***** Listed entries *****
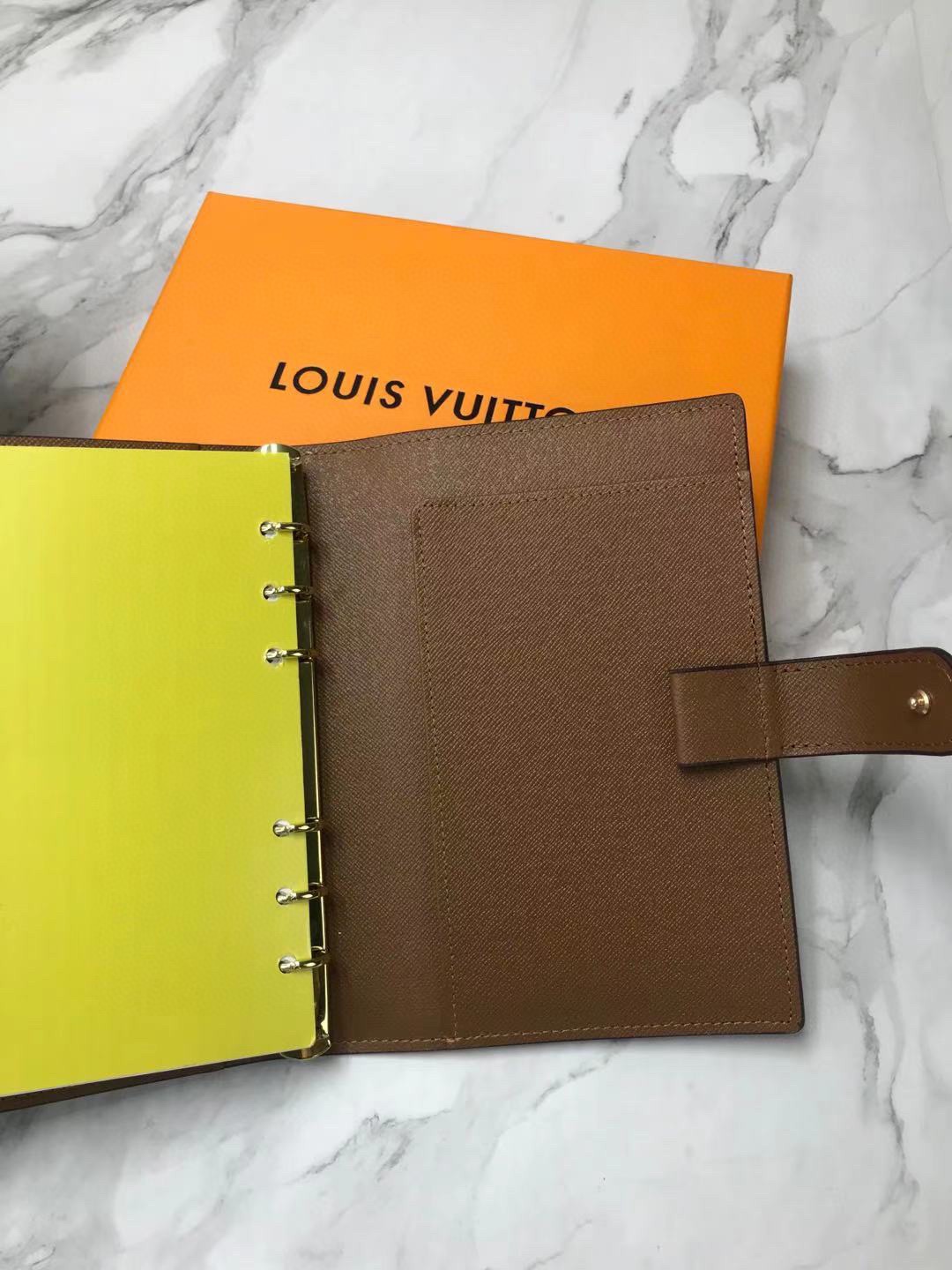 Embossed logo detail on leather notebook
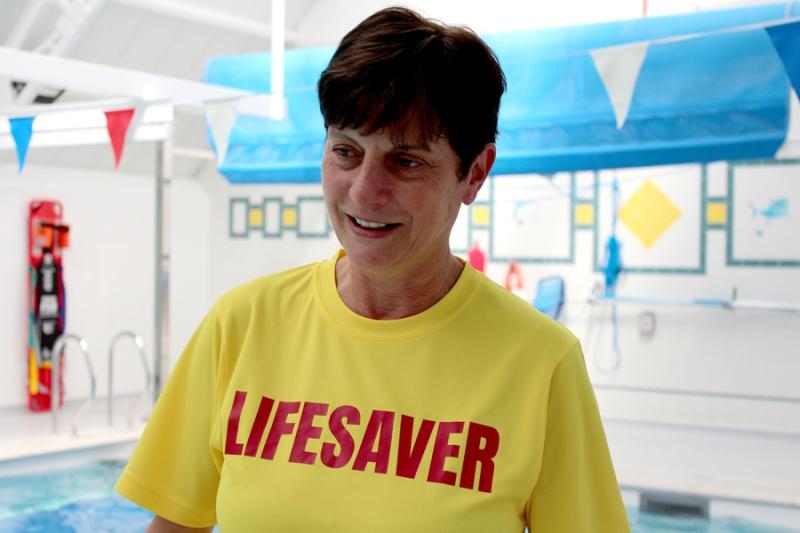 Kim Smith, Sports Coach and Event Leader at Treloar's pictured wearing bright yellow T-shirt with a red writing on her chest saying Lifesaver; in the background, there's a swimming pool area.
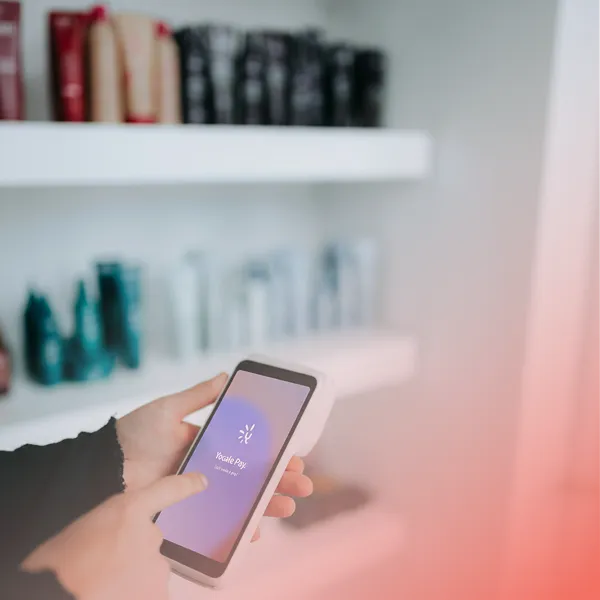 Person using a smartphone with the Vocale Pay app open on the screen.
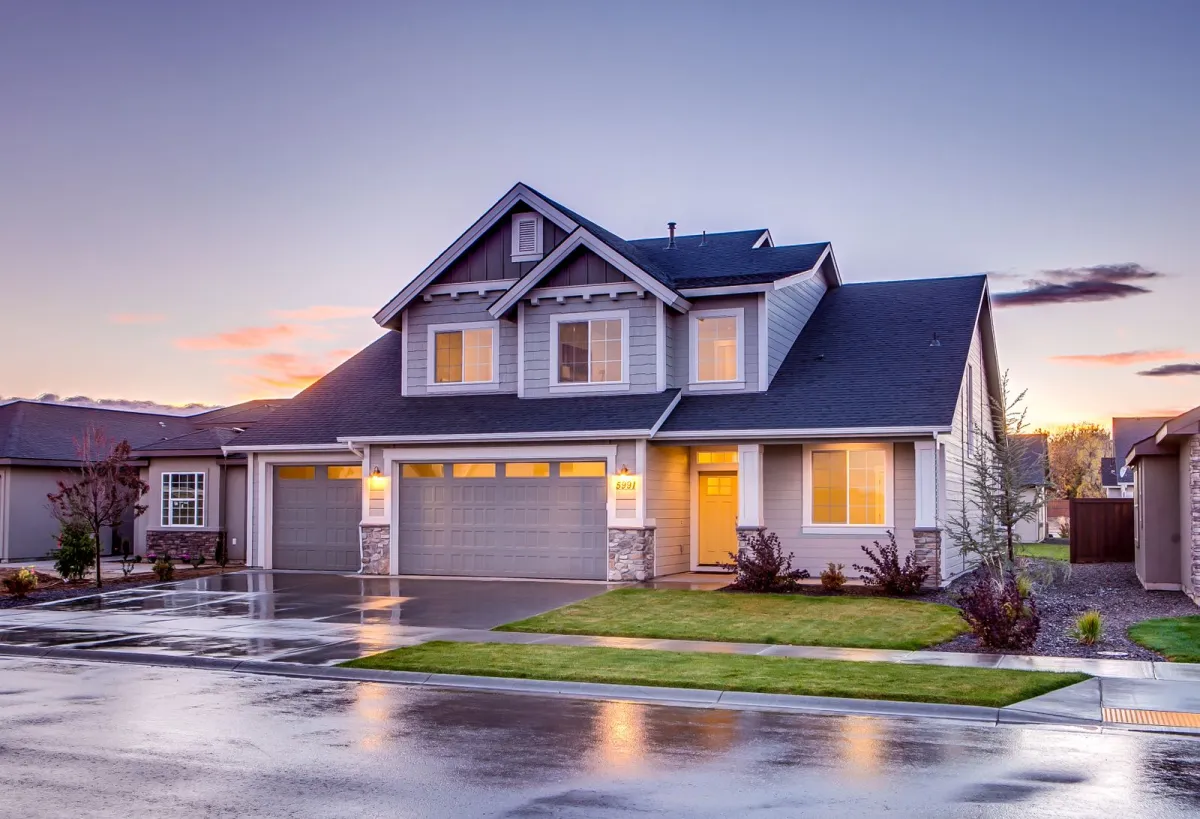 Blue and gray concrete house with attic during twilight.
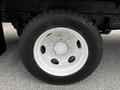 Wheel of a 2018 Isuzu NPR with a white rim and five visible lug nuts on a black tire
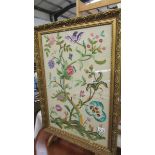 A gilt framed tapestry mounted on legs as a fire screen.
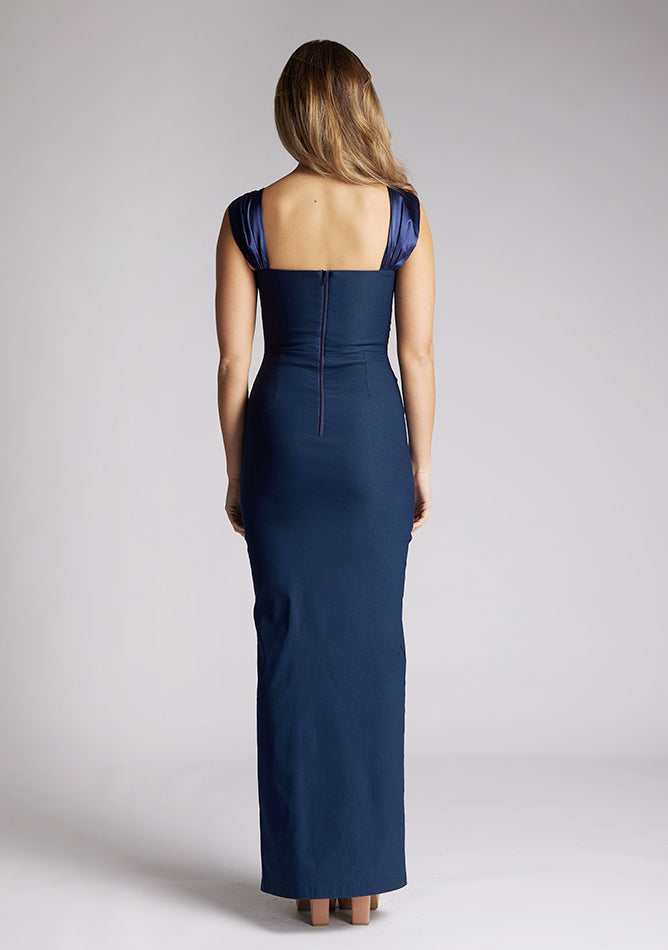 Back image of a model wearing a navy maxi dress, featuring a body con design and a satin panel at the top which twists up into straps. The dress featured is the Vesper Fame navy maxi dress
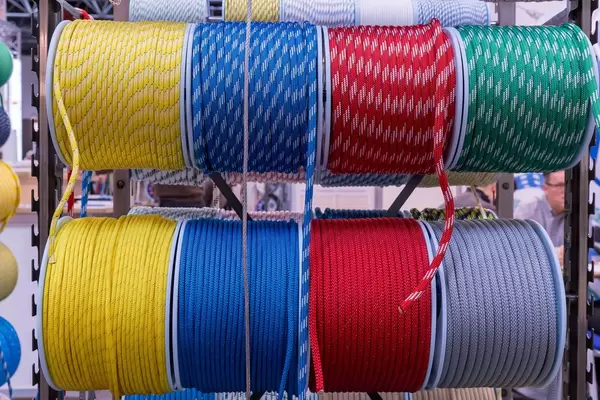 Blick von vorne auf Rollen mit einfarbigen und gemusterten Schiffstauen in verschiedenen Farben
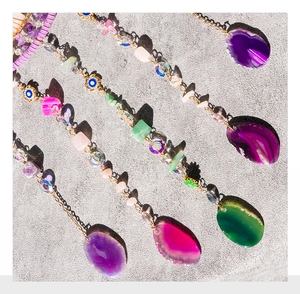 Close-up of suncatcher detail with agate slices, amethyst, and blue evil eye beads
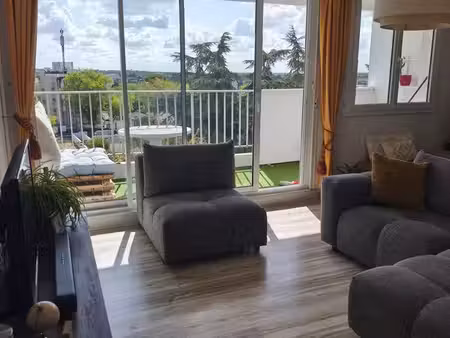 appartement 77 m² – 2 chambres – balcon – parking – dpe c – travaux récents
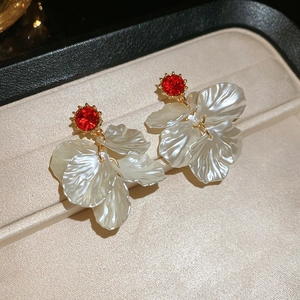 Detail view of pearl petal earrings with red gemstones and gold plating on jewelry display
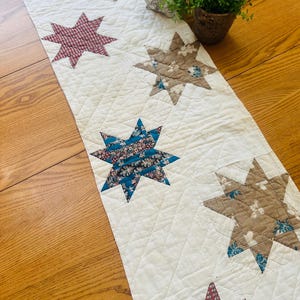 May include: Cream-colored quilted table runner with star-shaped patchwork designs in shades of red, brown, and blue. The runner is placed on a wooden table, with a teapot and potted plant visible in the background.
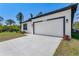 A modern garage adds curb appeal with a clean driveway, exterior lighting, and updated landscaping at 7852 Tasco Dr, North Port, FL 34291
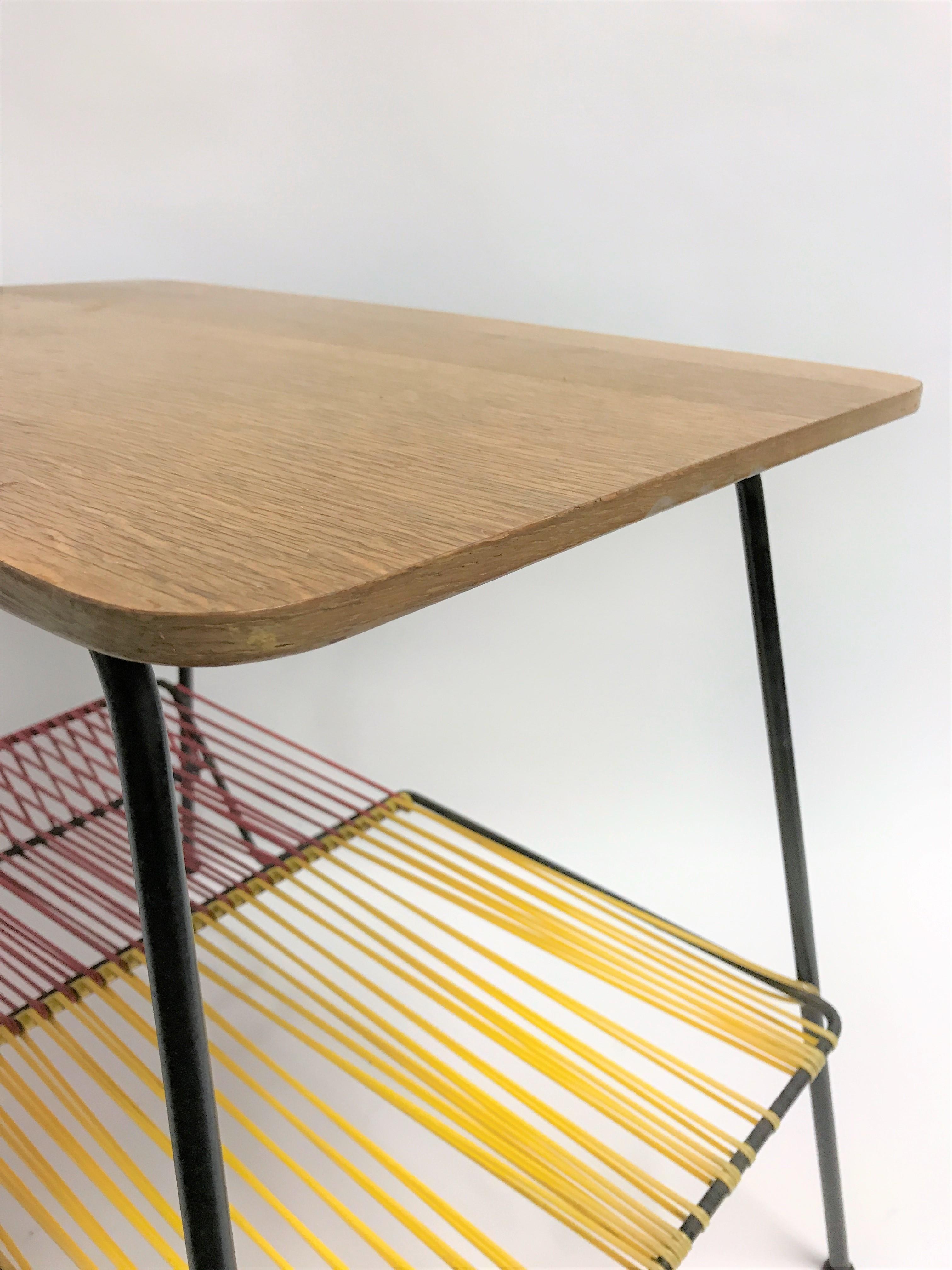 Midcentury plastic cord or 'scoubidou' side table.

Black metal frame with a plastic cord magazine 'shelve' and a wooden top

Very colorful and decorative midcentury piece.

1950s - France

Measures: Height 58cm/22.83
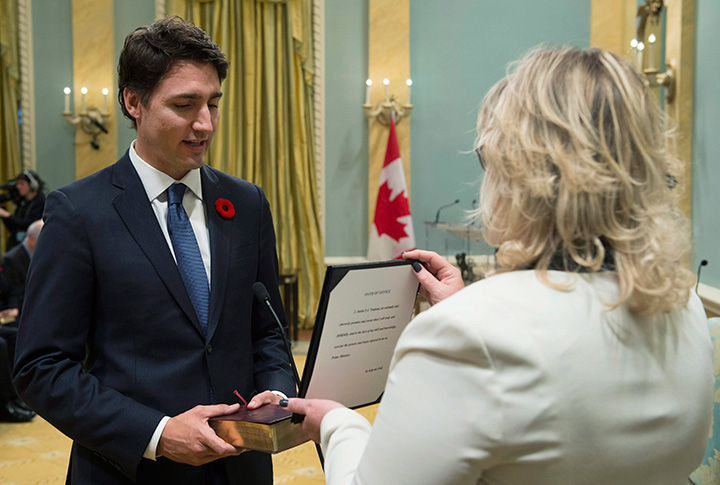 Justin Trudeau takes the oath of office as he is sworn in as prime minister at Rideau Hall in Ottawa on Wednesday, November 4, 2015. 
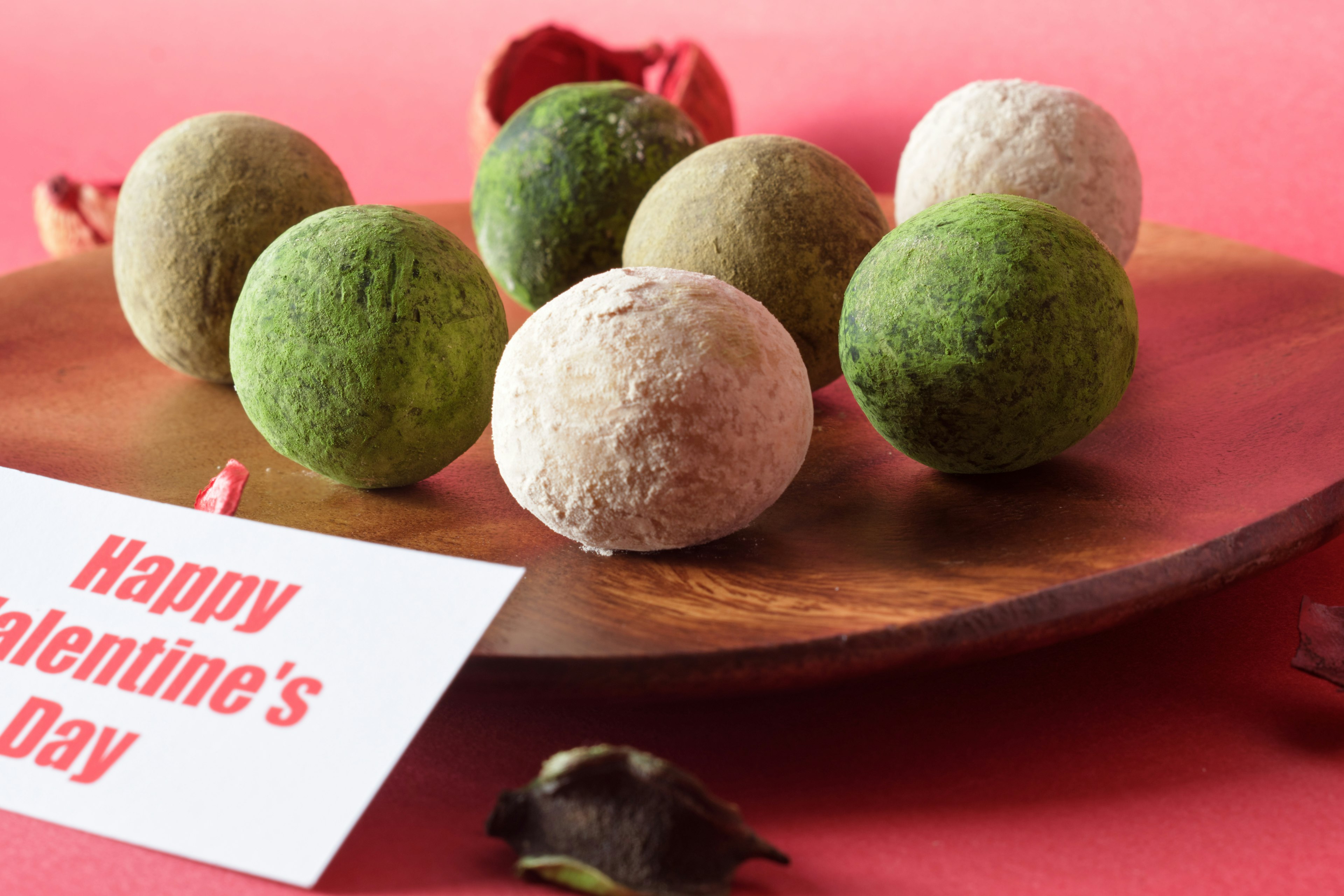 Boules colorées disposées sur une assiette en bois avec une carte Joyeuse Saint-Valentin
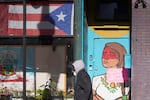 A pedestrian walks past the flag of Puerto Rico and the colorful door to the sanctuary apartment of Chicago's Adalberto Memorial United Methodist Church in Chicago in 2021. The church has provided shelter to immigrants in the U.S. illegally.
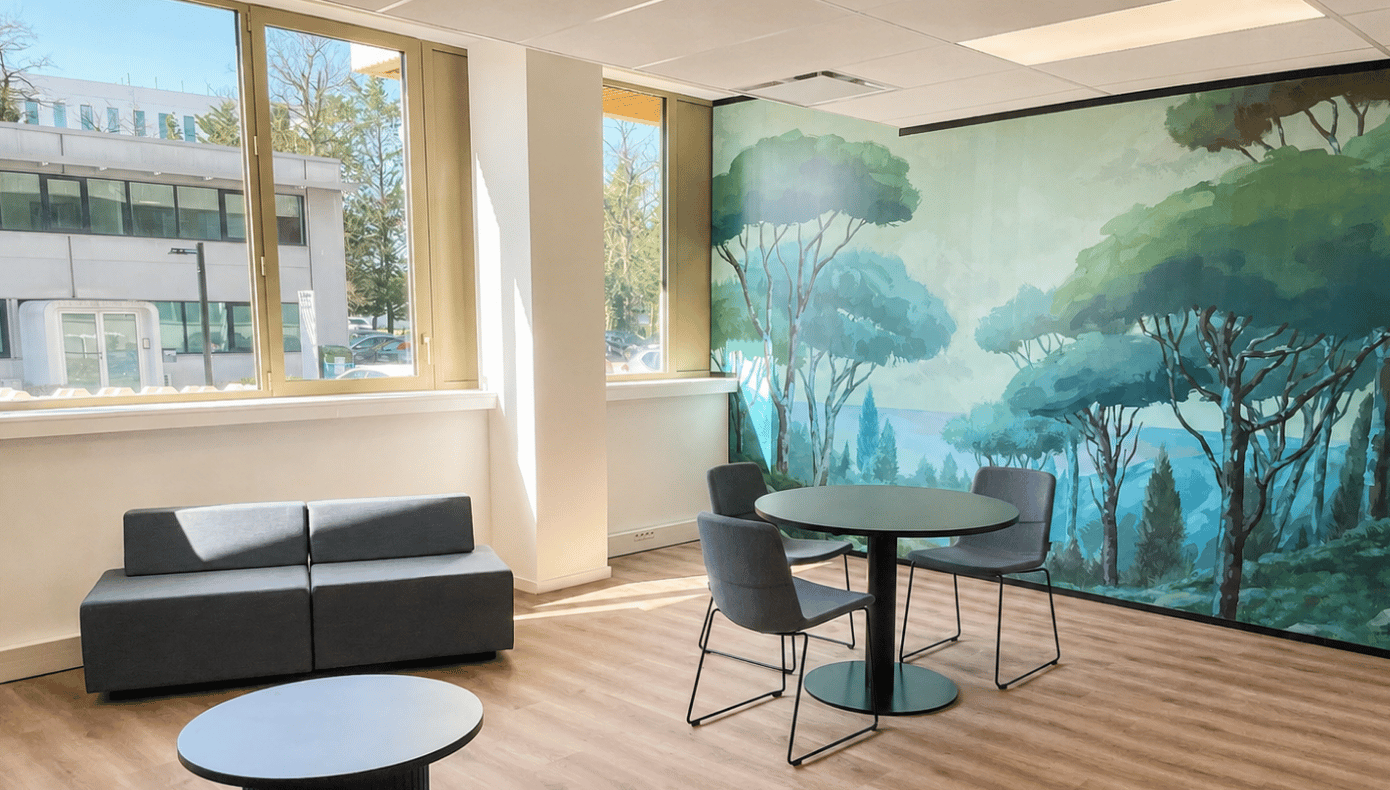 Espace lounge Hiptown à Mérignac avec table ronde, assises grises, grandes fenêtres et fresque végétale.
*****
Goal of the exercise
Please set down the lines above word for word and leave out the pictures.

Result for this task
 Embossed logo detail on leather notebook
 Kim Smith, Sports Coach and Event Leader at Treloar's pictured wearing bright yellow T-shirt with a red writing on her chest saying Lifesaver; in the background, there's a swimming pool area.
 Person using a smartphone with the Vocale Pay app open on the screen.
 Blue and gray concrete house with attic during twilight.
 Wheel of a 2018 Isuzu NPR with a white rim and five visible lug nuts on a black tire
 A gilt framed tapestry mounted on legs as a fire screen.
 Back image of a model wearing a navy maxi dress, featuring a body con design and a satin panel at the top which twists up into straps. The dress featured is the Vesper Fame navy maxi dress
 Blick von vorne auf Rollen mit einfarbigen und gemusterten Schiffstauen in verschiedenen Farben
 Close-up of suncatcher detail with agate slices, amethyst, and blue evil eye beads
 appartement 77 m² – 2 chambres – balcon – parking – dpe c – travaux récents
 Detail view of pearl petal earrings with red gemstones and gold plating on jewelry display
 May include: Cream-colored quilted table runner with star-shaped patchwork designs in shades of red, brown, and blue. The runner is placed on a wooden table, with a teapot and potted plant visible in the background.
 A modern garage adds curb appeal with a clean driveway, exterior lighting, and updated landscaping at 7852 Tasco Dr, North Port, FL 34291
 Midcentury plastic cord or 'scoubidou' side table.

Black metal frame with a plastic cord magazine 'shelve' and a wooden top

Very colorful and decorative midcentury piece.

1950s - France

Measures: Height 58cm/22.83
 Justin Trudeau takes the oath of office as he is sworn in as prime minister at Rideau Hall in Ottawa on Wednesday, November 4, 2015. 
 Boules colorées disposées sur une assiette en bois avec une carte Joyeuse Saint-Valentin
 A pedestrian walks past the flag of Puerto Rico and the colorful door to the sanctuary apartment of Chicago's Adalberto Memorial United Methodist Church in Chicago in 2021. The church has provided shelter to immigrants in the U.S. illegally.
 Espace lounge Hiptown à Mérignac avec table ronde, assises grises, grandes fenêtres et fresque végétale.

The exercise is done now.